Processing 16S rRNA gene sequence data for microbiota analysis
The reads containing N(s) and phiX reads, identified by bowtie2 (version 2.1.0) (Langmead & Salzberg, 2012), were removed. Unpaired reads were deleted using in-house scripts. The processed reads were filtered, denoised, and merged using the dada2 functions (Callahan et al., 2016, p. 2) in the R program (version 1.8). In dada2, the forward and reverse reads were truncated to 270 bp and 220 bp, respectively, and the primer sequences were trimmed. Reads with a labelled Phred score <5 at the first nucleotide or an expected error >2 for a forward read and >5 for a reverse read were removed (Edgar & Flyvbjerg, 2015). After the remaining reads were denoised and merged, an amplicon sequence variant (ASV) table (Callahan, McMurdie & Holmes, 2017) was constructed, and any chimeric reads were removed. The resulting ASV table and reads were imported into QIIME2 (version 2018.11) for further analysis (Bolyen et al., 2018). Default values were used for all optional parameters in the QIIME2 commands. Taxa were assigned to ASVs at the genus level using the Greengenes (version 13.8) database (McDonald et al., 2012), and ASVs for mitochondria and chloroplasts were removed. The reads from genera with average total abundance less than 0.5% were categorized as “Others.” The similarity of the microbiota at the genus level was investigated by principal component analysis (PCA) using R. Beta diversity was analyzed using a built-in function of QIIME 2. Reads from all samples were rarefied to 10 477, which was the smallest read in the dataset, and the distance of the microbiota was calculated using the Bray–Curtis method at the genus level. Any significant differences in microbiota between two groups out of the I, P and S groups were determined using the pairwise permutational multivariate analysis of variance (PERMANOVA) test that enables the detection of significant differences in a multiple variant dataset without assuming a normal distribution. The Benjamini–Hochberg procedure for controlling the False Discovery Rate was applied to avoid any false detection of significant differences due to multiple testing (q <0.05).

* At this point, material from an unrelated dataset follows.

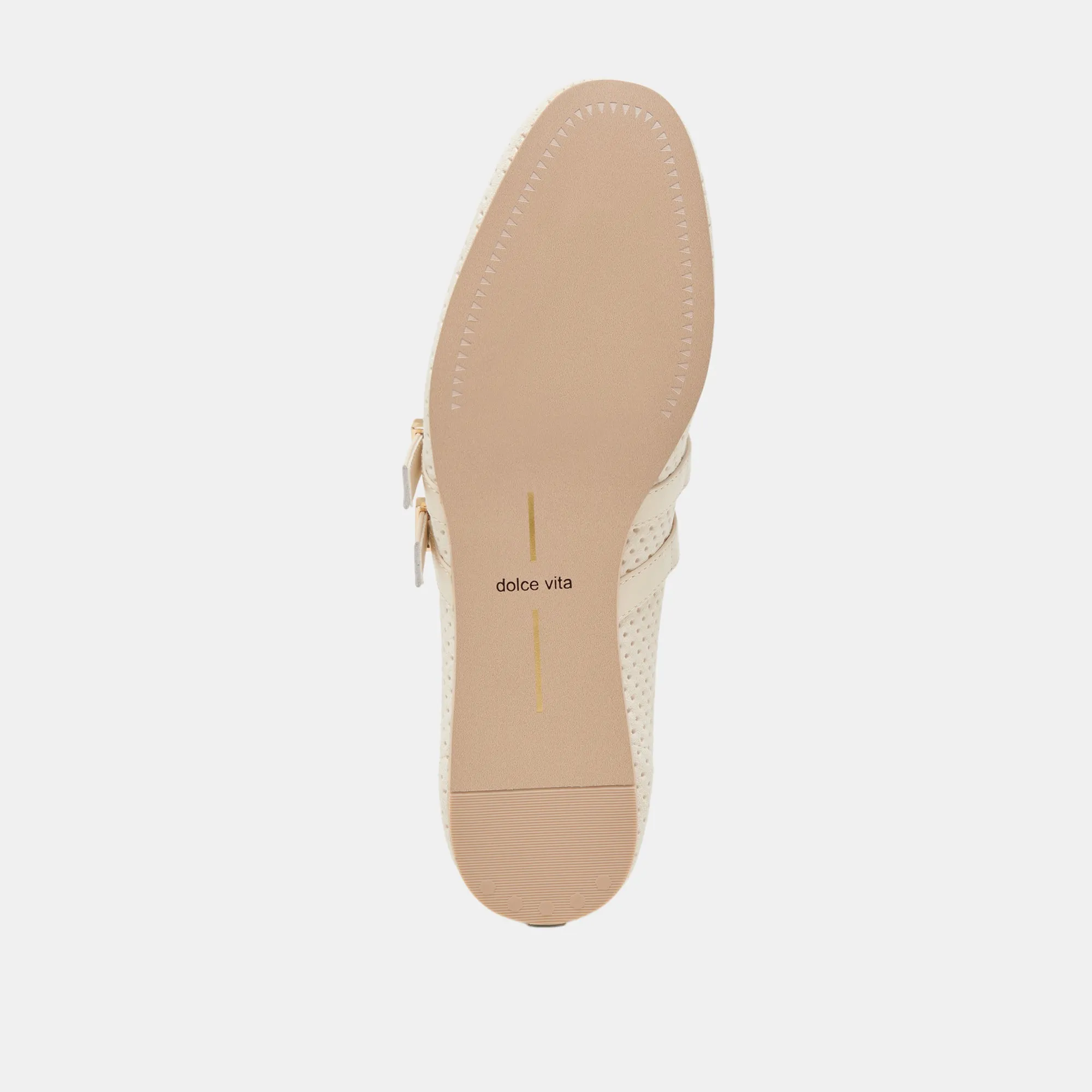 BAYLEE BALLERINES BONE SUÈDE PERFORÉ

Data analysis for estimating metabolic profiles of microbiota
PICRUSt analysis was performed to evaluate the abundance of metabolic pathways in the microbiota and the contribution of each genus to the pathway abundance using stand-alone PICRUSt2 (version 2.1.4 beta) software (Douglas et al., 2019). Default values for optional parameters were used. Based on MetaCyc classification (Caspi et al., 2018), the pathways from glycolysis, tricarboxylic acid (TCA) cycle, fermentation of pyruvate, fermentation to lactate, alanine biosynthesis, Ile biosynthesis, Leu biosynthesis, valine (Val) biosynthesis, and BCAA biosynthesis were selected. Engineered pathways and pathways from specific genera were excluded. Significant differences in the relative abundance of each pathway among sample groups were tested using the Wilcoxon rank sum test (P < 0.05) with Bonferroni correction for multiple testing. The total contribution of the genus to the relative abundance of the pathways was calculated, and the genera below the top 10 were categorized as “Others.” Further statistical analysis was performed to detect correlations between the relative abundance of genera and the concentrations of free amino acids and organic acids. Genera with a total average of less than 0.5% were excluded. Significant correlations were determined by the Pearson method using R (P < 0.05).

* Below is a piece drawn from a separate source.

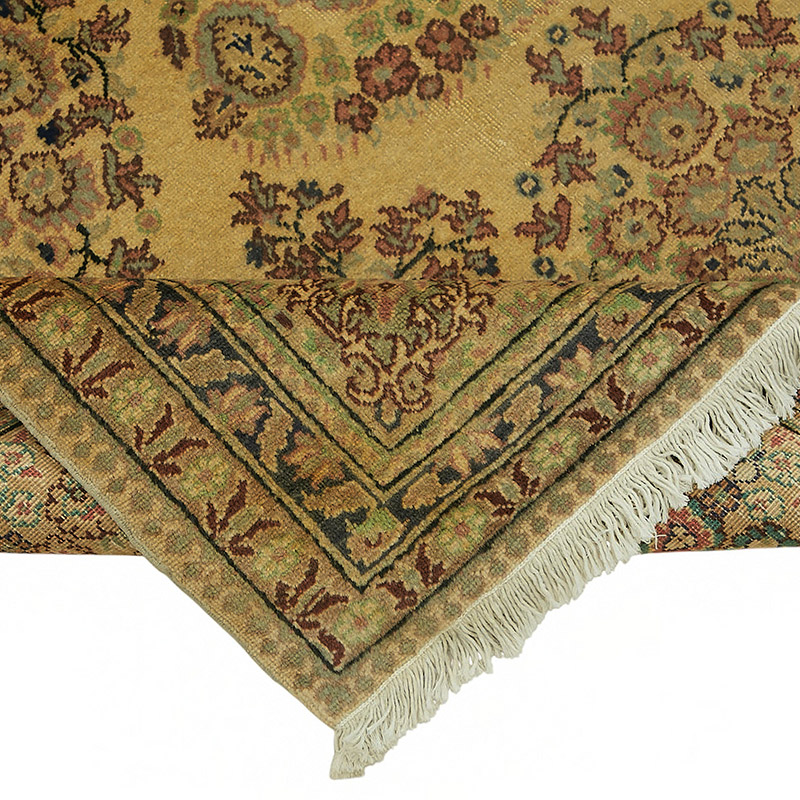 Vintage Turkish Hand-Knotted Rug - 6' 4" x 9' 11" (76" x 119") - K0087320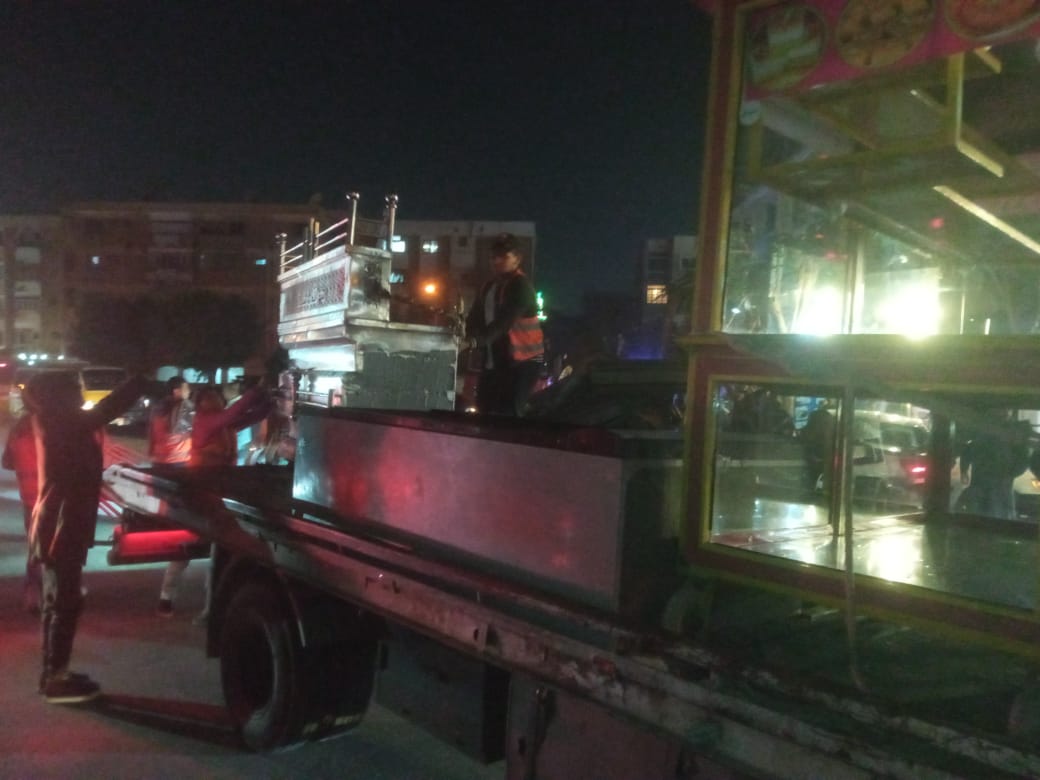 جهاز مدينة 6 أكتوبر يشن حملة مكبرة لإعادة الانضباط ورفع الإشغالات بالحصرى والحى المتميزة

Characterization of pretreatment and salt stock preparation samples
The pH and salinity of the used brine samples was measured. The pH of used brine from Group P and S was almost same (the average ± standard deviation; Group P, 7.01 ± 0.47; Group S, 6.45 ± 0.59). The average and standard deviation of the salinity of Group P were 5.3% ± 1.0%, and for Group S they were 17.8% ± 0.2% (Table S1 for raw data). The difference in the salinity between Group P and S was statistically significant. Combined with the information provided by the manufacturers, samples in Group P were salted to relatively low salinity for short term, and samples in Group S were salted to high salinity for long term.

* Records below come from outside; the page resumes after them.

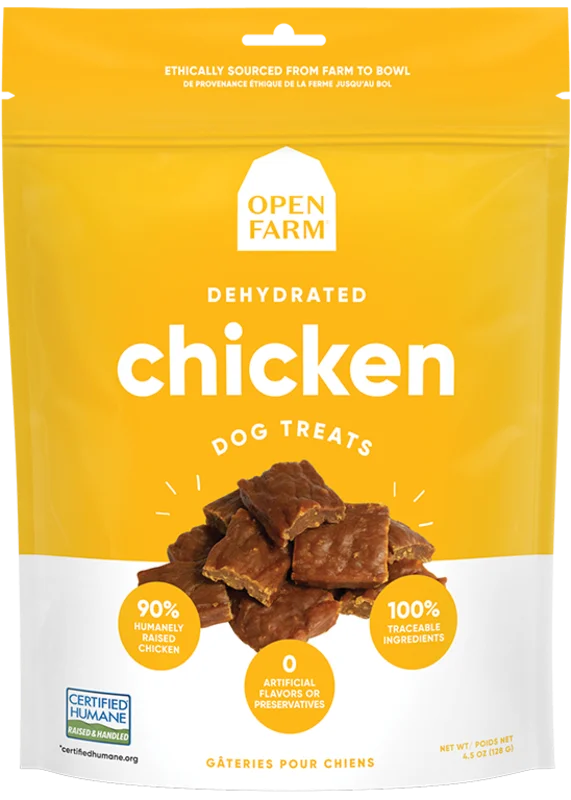 Open Farm Dehydrated Chicken Dog Treats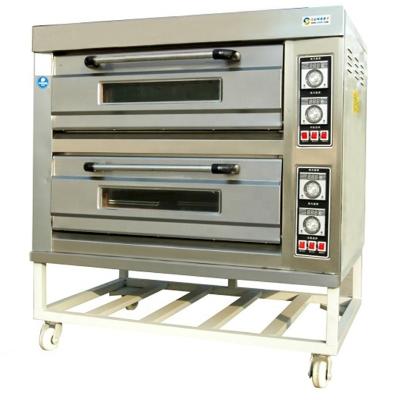 China Commercial bakery equipment commercial gas pizaza electric supply oven for sale price, gas 2 3 deck cake bread baking industrial ovens for sale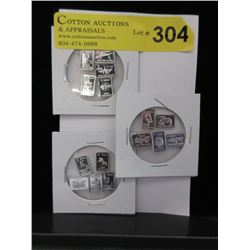 15 x 1 Gram .999 Silver Art Bars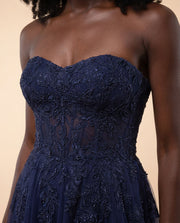 Corset Gown Navy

Difference in microbiota between the process groups
The analysis of 16S rRNA gene sequences indicated differences in the microbiota during pickle production. In total, 4,635 560 reads were obtained from 24 samples after the mitochondria- and chloroplast-associated reads were removed. The reads represented 4,368 ASVs and 742 genera based on the Greengenes database annotation. The average composition of the genera in each process group is shown in Fig. 2A (Fig. S1 for the composition of genus for each sample). The genus Sphingomonas comprised the largest proportion, about 30%, of Group I, followed by Phyllobacterium and Arthorobacter. These three genera, which are often found in soil and the natural environment, formed 49% of the microbiota of Group I. An unclassified genus of Lactobacillales, an order of LAB, comprised 17% of Group P. In addition, Pseudoalteromonas and Vibrio, often found in moderately saline environments, formed a relatively high proportion of Group P microbiota. The halophilic genera Halomonas and Halanaerobium constituted approximately 36% of the bacterial population, and Lactobacillus constituted approximately 15% in Group S. There were fewer genera in Group S than in Groups I and P. The scatter plot from PCA (Fig. 2B) showing the pattern of sample groups indicates that the microbiota was changed by the process. A pairwise statistical test using PERMANOVA indicated that the microbiota of all three groups were significantly different from each other (q-value: I vs. P, 0.003; I vs. S, 0.012; P vs. S, 0.012).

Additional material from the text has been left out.